## SUPPLIED DATA
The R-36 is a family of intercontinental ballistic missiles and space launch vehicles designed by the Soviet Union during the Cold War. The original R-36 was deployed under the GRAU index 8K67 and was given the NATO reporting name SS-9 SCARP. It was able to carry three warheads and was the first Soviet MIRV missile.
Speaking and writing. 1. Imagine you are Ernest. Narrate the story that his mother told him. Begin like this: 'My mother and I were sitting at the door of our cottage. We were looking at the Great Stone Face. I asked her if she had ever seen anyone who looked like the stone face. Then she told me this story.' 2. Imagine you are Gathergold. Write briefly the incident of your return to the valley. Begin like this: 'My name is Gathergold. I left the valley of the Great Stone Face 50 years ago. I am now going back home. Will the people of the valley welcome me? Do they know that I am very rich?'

---

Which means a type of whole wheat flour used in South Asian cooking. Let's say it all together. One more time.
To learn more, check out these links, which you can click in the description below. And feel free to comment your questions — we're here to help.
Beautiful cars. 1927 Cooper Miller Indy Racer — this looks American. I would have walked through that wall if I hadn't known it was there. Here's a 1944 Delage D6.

...

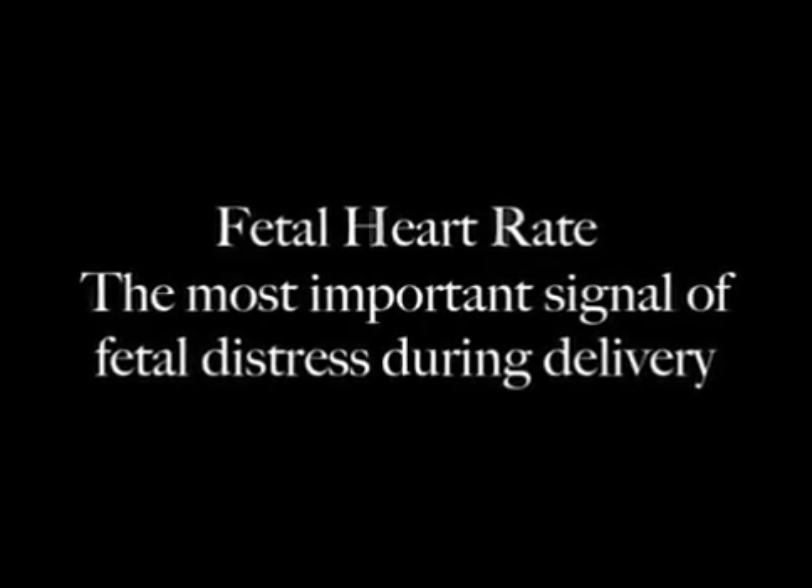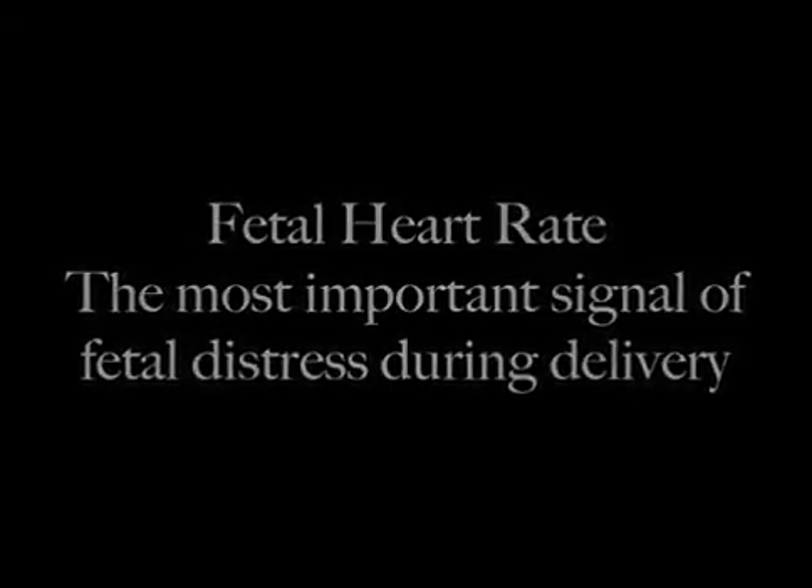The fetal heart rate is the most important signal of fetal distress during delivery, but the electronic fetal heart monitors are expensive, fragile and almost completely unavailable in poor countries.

## WORK TO BE COMPLETED
Go through the listing above and return each line where the word "more" occurs.

## ANSWER TO THE EXERCISE
Which means a type of whole wheat flour used in South Asian cooking. Let's say it all together. One more time.
To learn more, check out these links, which you can click in the description below. And feel free to comment your questions — we're here to help.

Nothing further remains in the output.